══ Provided material ══

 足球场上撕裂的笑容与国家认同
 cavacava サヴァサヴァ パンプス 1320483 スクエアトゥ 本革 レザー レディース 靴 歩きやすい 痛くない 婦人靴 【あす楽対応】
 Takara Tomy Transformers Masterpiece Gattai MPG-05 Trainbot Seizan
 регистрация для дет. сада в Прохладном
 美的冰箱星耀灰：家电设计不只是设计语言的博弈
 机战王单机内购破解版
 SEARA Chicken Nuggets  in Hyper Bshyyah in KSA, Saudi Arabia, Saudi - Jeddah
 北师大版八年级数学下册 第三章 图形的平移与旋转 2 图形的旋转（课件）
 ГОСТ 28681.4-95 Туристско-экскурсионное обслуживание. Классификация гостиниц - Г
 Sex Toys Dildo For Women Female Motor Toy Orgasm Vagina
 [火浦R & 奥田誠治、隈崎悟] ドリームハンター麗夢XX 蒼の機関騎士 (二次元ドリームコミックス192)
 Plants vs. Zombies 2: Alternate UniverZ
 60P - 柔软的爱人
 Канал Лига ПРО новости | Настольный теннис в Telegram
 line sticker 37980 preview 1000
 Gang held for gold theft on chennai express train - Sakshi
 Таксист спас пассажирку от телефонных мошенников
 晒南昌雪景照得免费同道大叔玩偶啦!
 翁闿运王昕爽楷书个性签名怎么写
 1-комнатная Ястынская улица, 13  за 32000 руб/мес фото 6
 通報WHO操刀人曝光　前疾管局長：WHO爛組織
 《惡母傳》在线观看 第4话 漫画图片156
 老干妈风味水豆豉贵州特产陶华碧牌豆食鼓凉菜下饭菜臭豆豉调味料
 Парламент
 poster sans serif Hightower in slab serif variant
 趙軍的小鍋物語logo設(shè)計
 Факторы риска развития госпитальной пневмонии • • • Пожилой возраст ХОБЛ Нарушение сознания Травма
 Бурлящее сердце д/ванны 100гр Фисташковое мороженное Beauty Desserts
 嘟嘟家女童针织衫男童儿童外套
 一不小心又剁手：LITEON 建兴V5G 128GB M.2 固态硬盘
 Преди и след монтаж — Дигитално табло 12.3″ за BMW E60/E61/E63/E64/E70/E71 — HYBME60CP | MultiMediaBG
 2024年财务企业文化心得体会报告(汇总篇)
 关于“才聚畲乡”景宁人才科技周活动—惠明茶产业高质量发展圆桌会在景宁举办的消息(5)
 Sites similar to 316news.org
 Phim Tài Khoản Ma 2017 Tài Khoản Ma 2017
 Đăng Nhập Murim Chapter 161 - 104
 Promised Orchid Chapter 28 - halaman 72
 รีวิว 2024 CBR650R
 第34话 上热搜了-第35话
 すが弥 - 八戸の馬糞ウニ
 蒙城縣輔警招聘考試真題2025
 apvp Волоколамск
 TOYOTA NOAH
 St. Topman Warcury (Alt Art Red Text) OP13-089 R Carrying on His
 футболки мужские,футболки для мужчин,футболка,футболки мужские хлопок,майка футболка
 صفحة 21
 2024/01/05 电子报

═══

▶ _Your objective_
Using the entries above, quote each line verbatim from the first through the line that contains "北师大版八年级数学下册 第三章 图形的平移与旋转 2 图形的旋转（课件）".

▶ _Response_
 足球场上撕裂的笑容与国家认同
 cavacava サヴァサヴァ パンプス 1320483 スクエアトゥ 本革 レザー レディース 靴 歩きやすい 痛くない 婦人靴 【あす楽対応】
 Takara Tomy Transformers Masterpiece Gattai MPG-05 Trainbot Seizan
 регистрация для дет. сада в Прохладном
 美的冰箱星耀灰：家电设计不只是设计语言的博弈
 机战王单机内购破解版
 SEARA Chicken Nuggets  in Hyper Bshyyah in KSA, Saudi Arabia, Saudi - Jeddah
 北师大版八年级数学下册 第三章 图形的平移与旋转 2 图形的旋转（课件）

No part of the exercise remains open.